SHARE DOES LAND SWAP HAVE ANY MERIT? CONSENSUS IS THAT NO ONE KNOWS

Everyone agreed Thursday that nobody knows - or likely can even figure out - whether an Alaska land swap pushed by Sen. Jake Garn, R-Utah, for Kennecott evenly benefits both the nation and mining companies.

But Sen. Howard Metzenbaum, D-Ohio, is still intimating that Garn is orchestrating a land "giveaway" to benefit Utah's Kennecott - an accusation that this month made Garn's temper explode in a long Senate floor tirade against "meddling" by Eastern senators in Western land issues.Garn was more reserved Thursday in a hearing about the swap - which he insists is good for all - before the Senate Energy Subcommittee on Public Lands, National Parks and Forests.

But he vowed to continue pushing the deal, while Metzenbaum vowed to continue fighting it and other officials said they did not have data to conclusively prove whose contentions about the deal are correct.

Garn earlier this month pushed the complex swap by trying to amend a bill changing rules of operation in Alaska's gigantic Tongass National Forest.

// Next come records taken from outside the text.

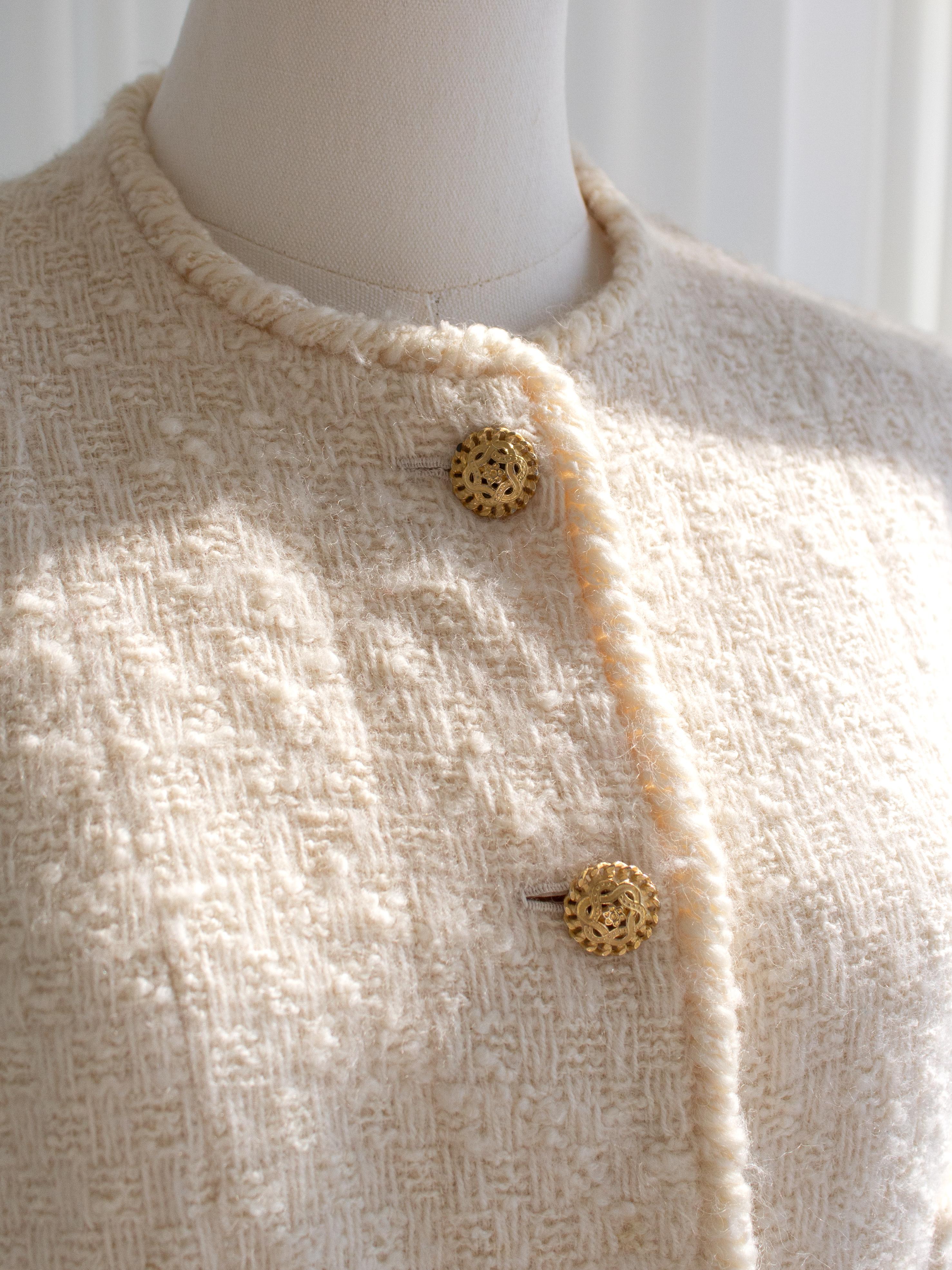 Chanel Haute Couture 1983 Karl Ecru White Gold Belted Tweed Jacket Skirt Suit For Sale 6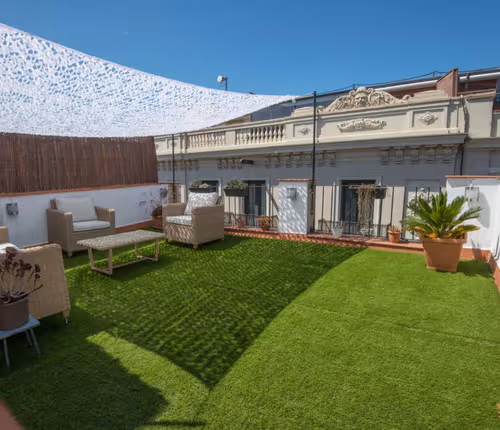 Carrer Serviced Apartment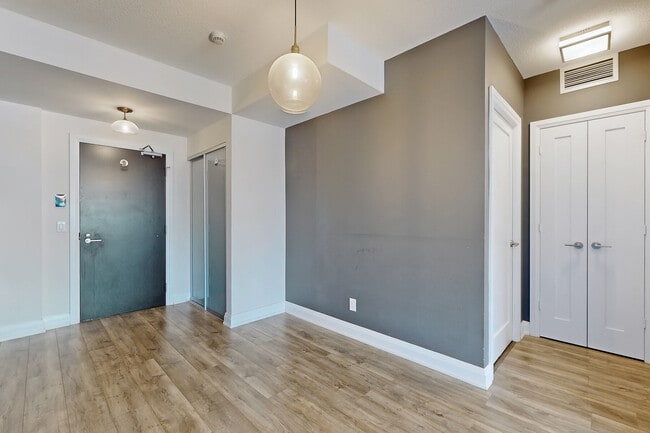 Building Photo - 2 Anndale Dr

In the complex three-way swap, the federal government would give Sealaska Corp. subsurface mineral rights beneath about 33,000 acres on Alaska's Admiralty Island - much of it near a mine owned 53 percent by Kennecott.

In exchange, Sealaska would give the government about the same acreage of subsurface rights elsewhere in Tongass. It would also then allow the group led by Kennecott to develop minerals near its mine in a deal that would give Sealaska 5 percent of the profit.

Sealaska would then also give the federal government 10 percent of its 5 percent share of mine profits. In addition, Sealaska would give about 2,500 acres of surface forest land it owns near Nutkwa Lagoon, which the federal government would like to turn into a wilderness area.

Metzenbaum insists the federal government should find out whether the minerals in the land it is giving up are roughly worth what it is obtaining in return.

"You don't have to be a business genius to know the United States isn't getting much, one-half of 1 percent (in royalties from Sealaska)," Metzenbaum said. "We should not give up something for nothing."

Garn countered that no one knows what minerals may lie beneath the land, and Kennecott may be trading for nothing. But the United States will receive about the same amount of other land with unknown mineral deposits plus land wanted for wilderness plus some royalties. Also, more mining could bring more jobs.